Comme l'indique Comparis, jusqu'en milieu d'année 2013, 80% des hypothèques à taux fixes concernaient des échéances à long terme de 7 à 10 ans. Ce taux s'est établi à 70% sur la seconde moitié de 2013. Les acquéreurs s'orientent donc de plus en plus vers des hypothèques aux échéances plus courtes ce qui témoigne d'une disposition à prendre plus de risques.

 

source : Comparis

 

Les banques avaient estimé que la mise en place du premier volant anticyclique avait causé un renchérissement de 0.03 à 0.1% du coût des hypothèques selon les établissements. L'impact devrait être sensiblement identique avec cette hausse. Autant dire que cela reste très marginal. La plupart des banques ont d'ailleurs insisté sur le fait que la mesure n'aurait pas d'impact pour les clients sur le niveau des fonds propres exigé et les taux pratiqués.

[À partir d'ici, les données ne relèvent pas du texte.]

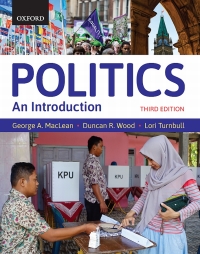 Politics: An Introduction (3rd Edition) [2020] - Epub + Converted Pdf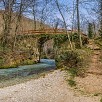 Foto: Ponte - Cascata di Trevi (Trevi nel Lazio) - 7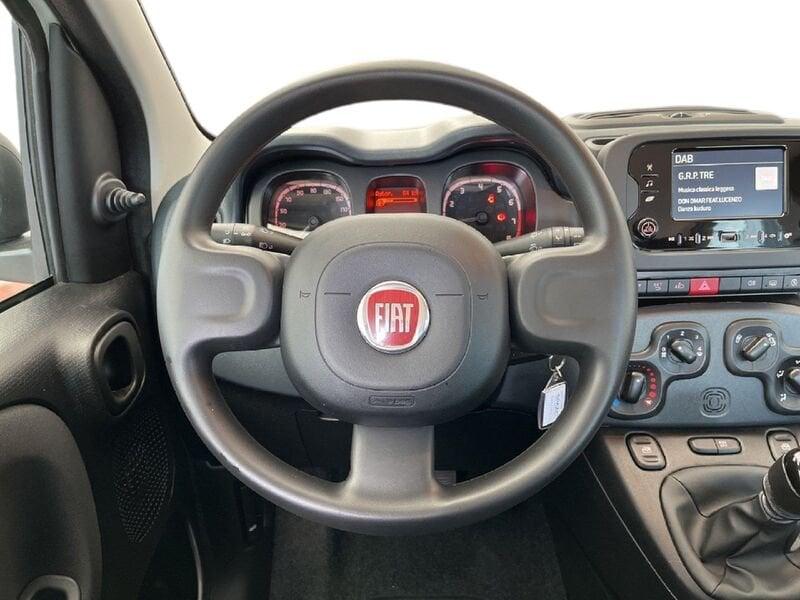 FIAT Panda My23 1.0 70cv Hybrid Panda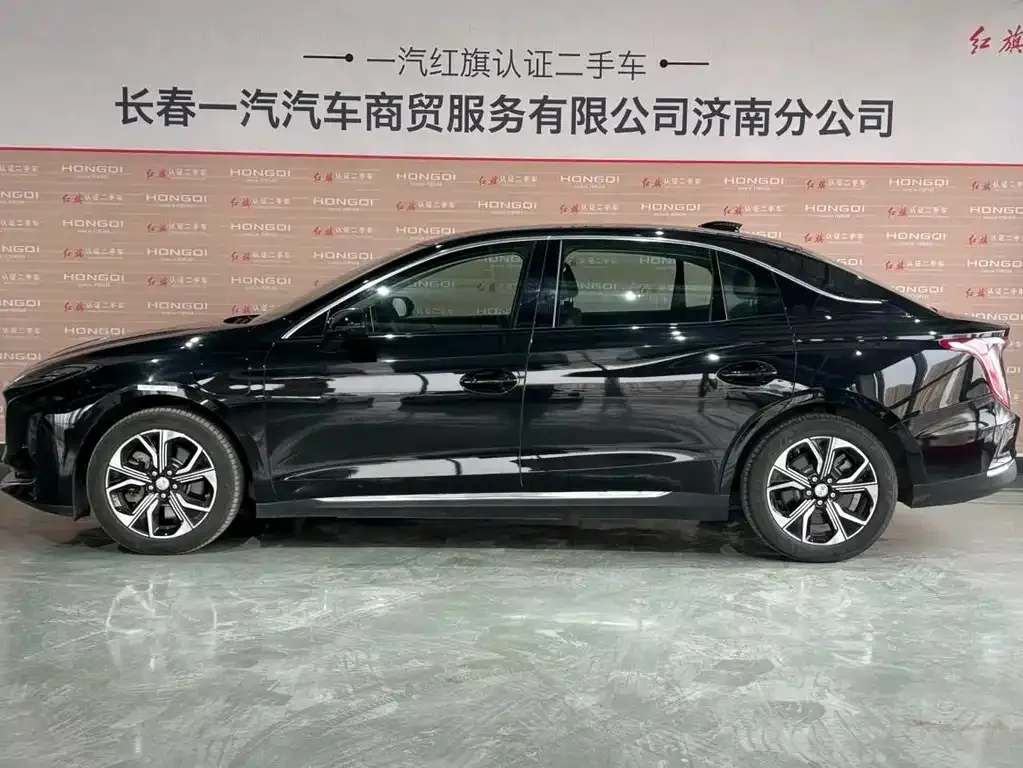 Hongqi E-QM5 — фото 9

D'une manière générale, elles estiment que cette mesure n'est pas très adaptée pour ralentir la croissance du volume hypothécaire. Quoique le dernier rapport d'UBS explique que l'impact devrait être plus important pour les petites banques régionales, dont les activités sont centrées sur le marché hypothécaire. Reste que l'exigence de constituer des fonds propres supplémentaires pour faire face au risque de défaut reste intéressante et qu'on ne peut en l'état pas juger cette mesure puisqu'aucune correction significative n'a pour l'instant eu lieu.